Hungary: Minorities have most to loose from crisis
Interview with Angela Kocze, one of Hungary’s most outspoken Roma rights advocates.
Angela Kocze, 40, is one of Hungary’s most outspoken Roma rights advocates. Born in a poor, rural Hungarian village, she is herself a Roma and put herself through school, first by working in a factory and then winning a university scholarship. In a country where only 0.2% of Roma people go to college, Kocze’s story is the exception to the rule. A degree in human rights and ethnic and minority studies and an interest in gender identity took her to becoming the first executive director of the European Roma Information Office (ERIO), an NGO lobbying EU institutions. She is also the former director of the human rights education programme at the European Roma Rights Centre (ERRC).
At the moment she is primarily a researcher and finishing a PhD investigating the intersectionality between gender, ethnicity and class of Romani women as well as their political participation in Europe.

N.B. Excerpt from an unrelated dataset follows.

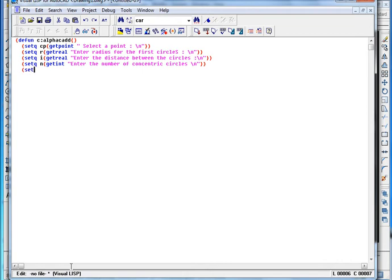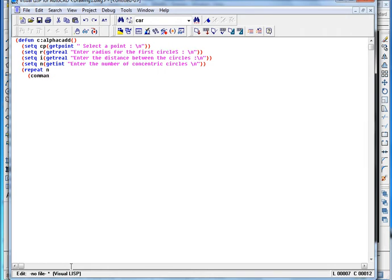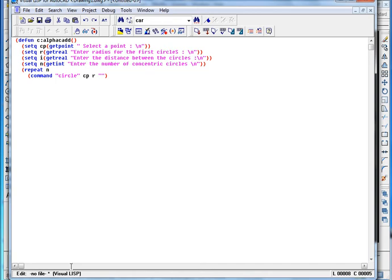And now we are going to the repeat function. So we are going to repeat the circle command for n number of circles. And for a circle we need a center point and we need a radius.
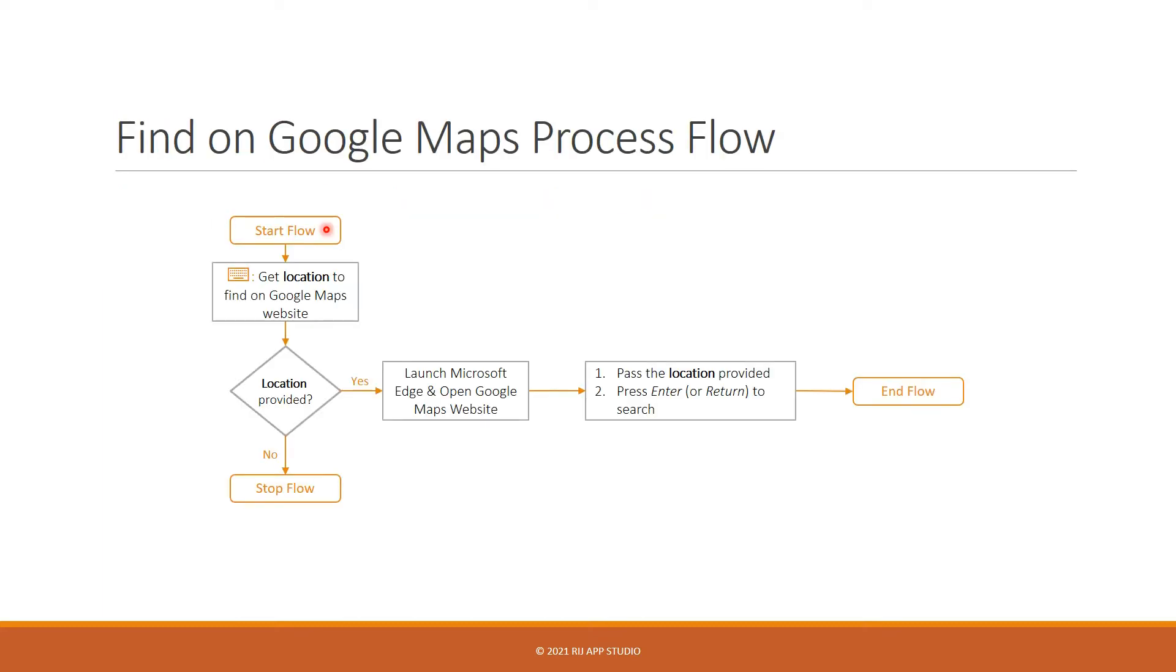Okay, now let's look at the process flow itself. Once the flow starts, we will request for the location that needs to be searched on the Google Maps website.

How has the economic crisis hit Hungary?
Economically speaking, the situation for NGOs is very fragile here and civil society has been hit harder than any other sector. After Hungary joined the EU in May 2004, a lot of structural funds became available for NGOs but Hungarian laws prevented these funds from making a real impact on most NGOs. Here the money is allocated only afterwards, so NGOs have to front all of the costs of any new projects first. Many organizations including the Romani ones I work with find this prohibitive. At the same time, the few philanthropic organizations that exist here, like the Open Society Institute, have been less willing to invest in local NGOs since Hungary became part of Europe. Of course Roma people will be most affected economically and socially.